We accordingly find no error in the bifurcated proceeding employed by the trial court in this case. A bifurcated trial is commonly used in eminent domain and inverse condemnation actions (Orpheum Bldg. Co. v. San Francisco Bay Area Rapid Transit Dist. (1978) 80 Cal.App.3d 863, 868, 146 Cal.Rptr. 5), where "all issues except the sole issue relating to compensation, are to be tried by the court, ..." (People v. Ricciardi (1943) 23 Cal.2d 390, 402, 144 P.2d 799; County of San Diego v. Miller (1980) 102 Cal.App.3d 424, 433, 162 Cal.Rptr. 480.) "The right to a jury trial in condemnation proceedings goes only to the amount of compensation." (People ex rel. Dept. of Water Resources v. Gianni (1972) 29 Cal.App.3d 151, 157, 105 Cal.Rptr. 248, emphasis added.)

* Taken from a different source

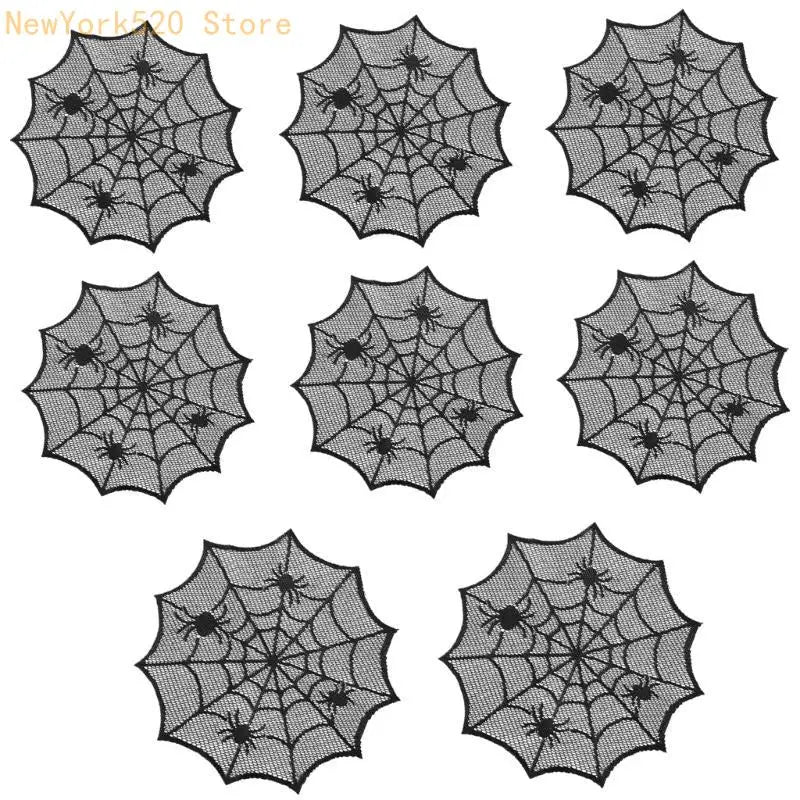 Spider Web Round Lace Placemat – Cobweb Doily Halloween Décor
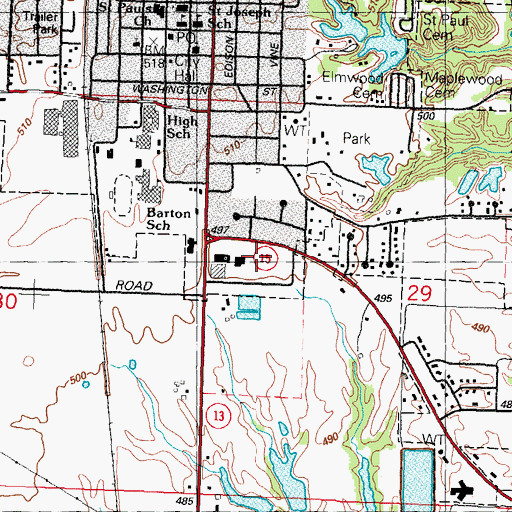 Topographic Map of Freeburg Police Department, IL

We further find ample support in the record for the trial court's conclusion that appellant failed to establish unlawful precondemnation conduct under the guidelines established by Klopping and its successor cases.

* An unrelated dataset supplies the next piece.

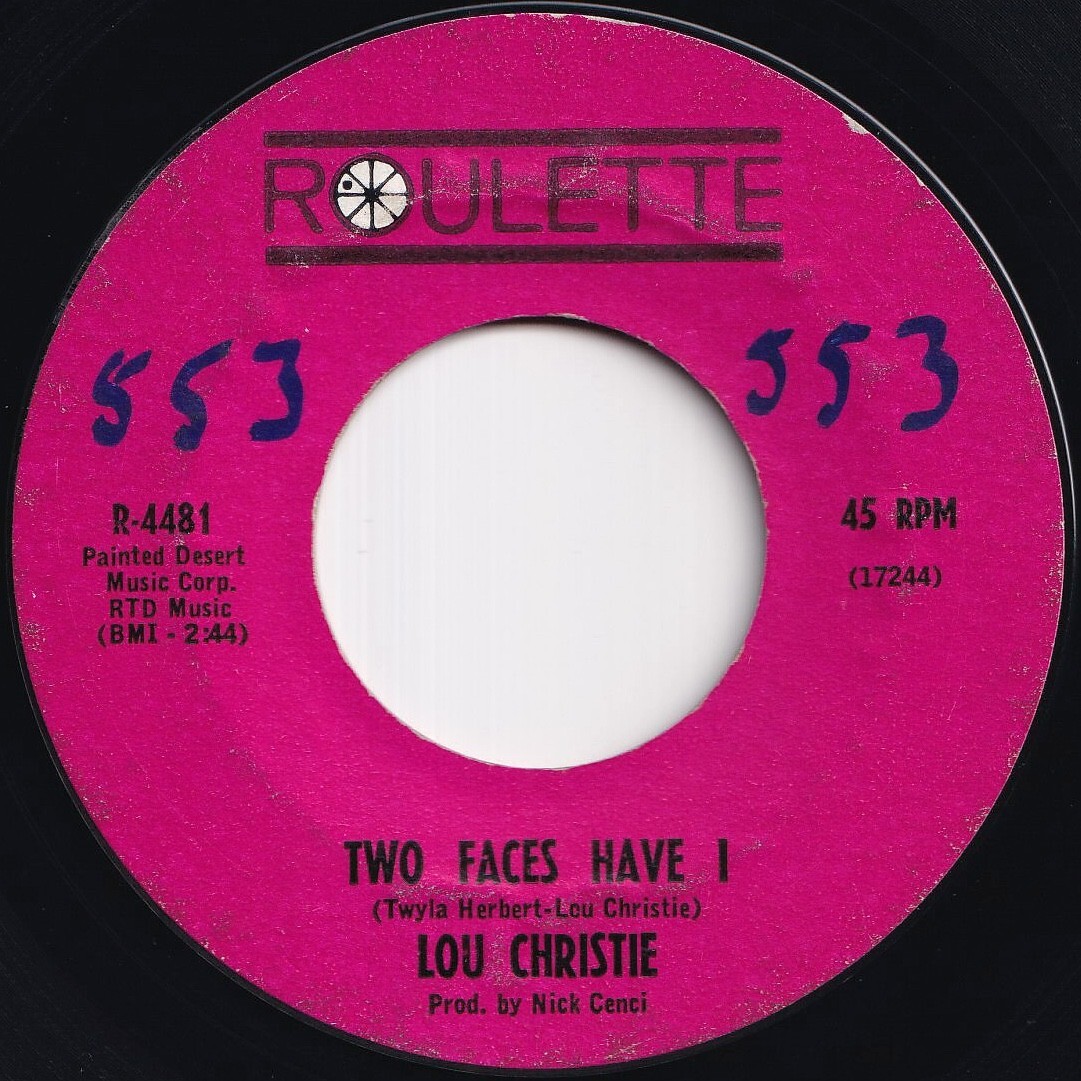 Lou Christie Two Faces Have I / All That Glitters Isn't Gold Roulette US R-4481 211825 ROCK POP ロック ポップ レコード 7インチ 45拍卖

The parameters of Klopping are yet unsettled, and "must be developed and refined on a case-by-case basis." (City of Los Angeles v. Waller (1979) 90 Cal.App.3d 766, 779, 154 Cal.Rptr. 12), but it is established that mere denial of a use permit prior to condemnation is not compensable in money damages under its authority.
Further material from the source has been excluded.